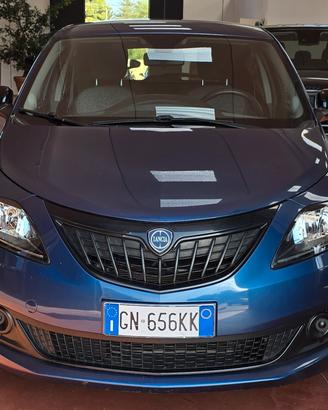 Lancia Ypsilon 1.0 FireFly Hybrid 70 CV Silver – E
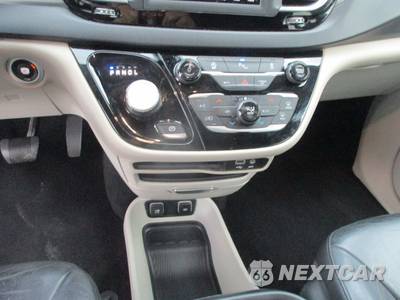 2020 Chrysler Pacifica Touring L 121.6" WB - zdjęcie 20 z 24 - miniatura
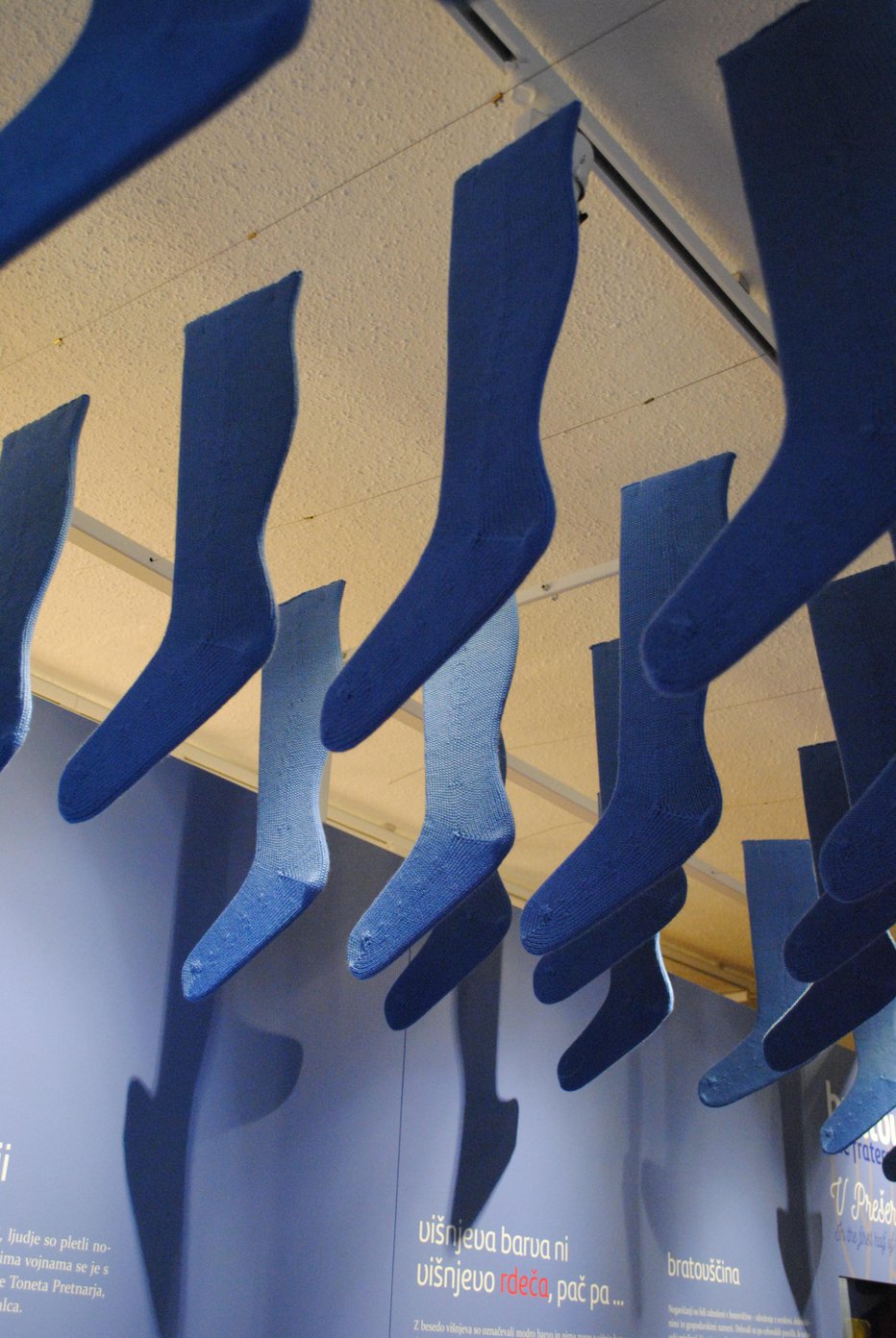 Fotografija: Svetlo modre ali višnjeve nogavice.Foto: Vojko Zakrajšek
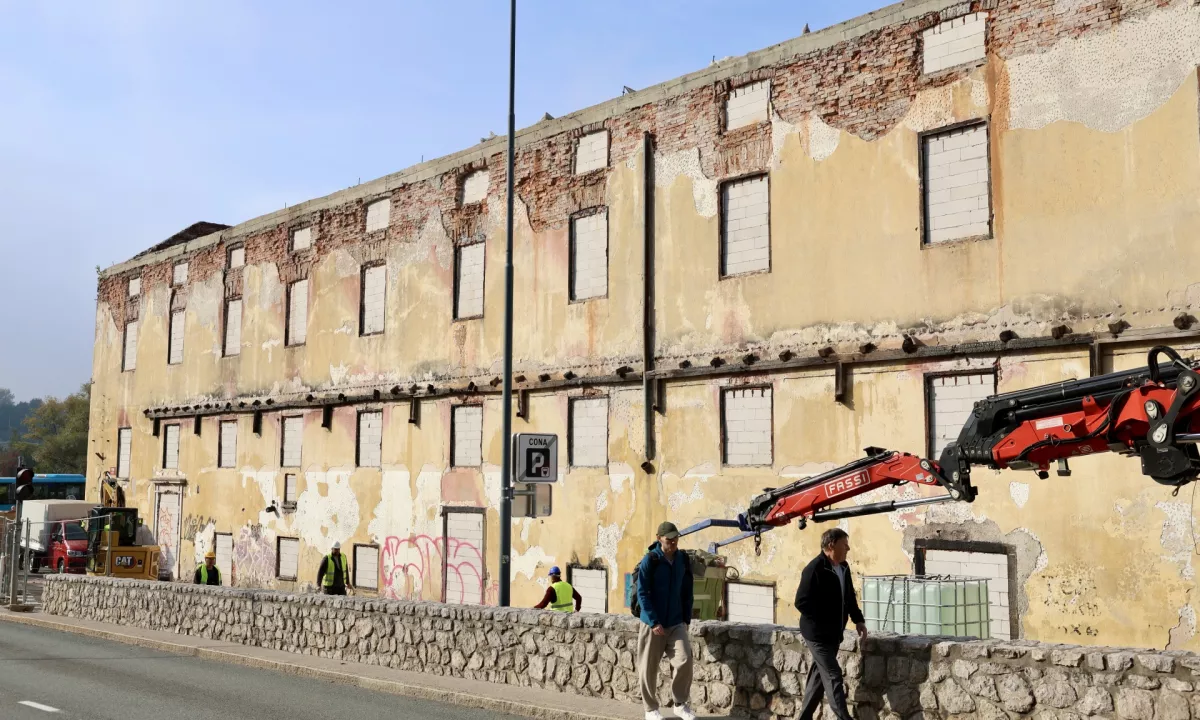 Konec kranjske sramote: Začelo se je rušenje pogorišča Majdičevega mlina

* * *

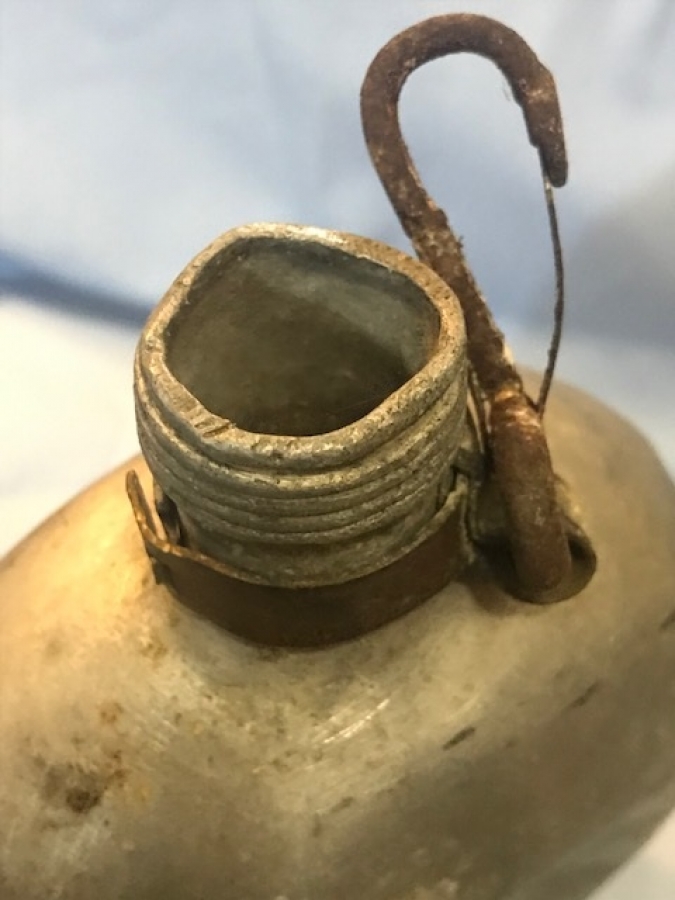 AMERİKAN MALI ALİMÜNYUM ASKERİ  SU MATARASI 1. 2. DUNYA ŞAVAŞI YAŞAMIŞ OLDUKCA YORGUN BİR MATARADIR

> [What you have to do]:
In the listing above, the required lines run from the line with "Lancia Ypsilon 1.0" through the line with "Konec kranjske sramote: Začelo". Output exactly those lines, omitting pictures.

> [Solution to the exercise]:
 Lancia Ypsilon 1.0 FireFly Hybrid 70 CV Silver – E
 2020 Chrysler Pacifica Touring L 121.6" WB - zdjęcie 20 z 24 - miniatura
 Fotografija: Svetlo modre ali višnjeve nogavice.Foto: Vojko Zakrajšek
 Konec kranjske sramote: Začelo se je rušenje pogorišča Majdičevega mlina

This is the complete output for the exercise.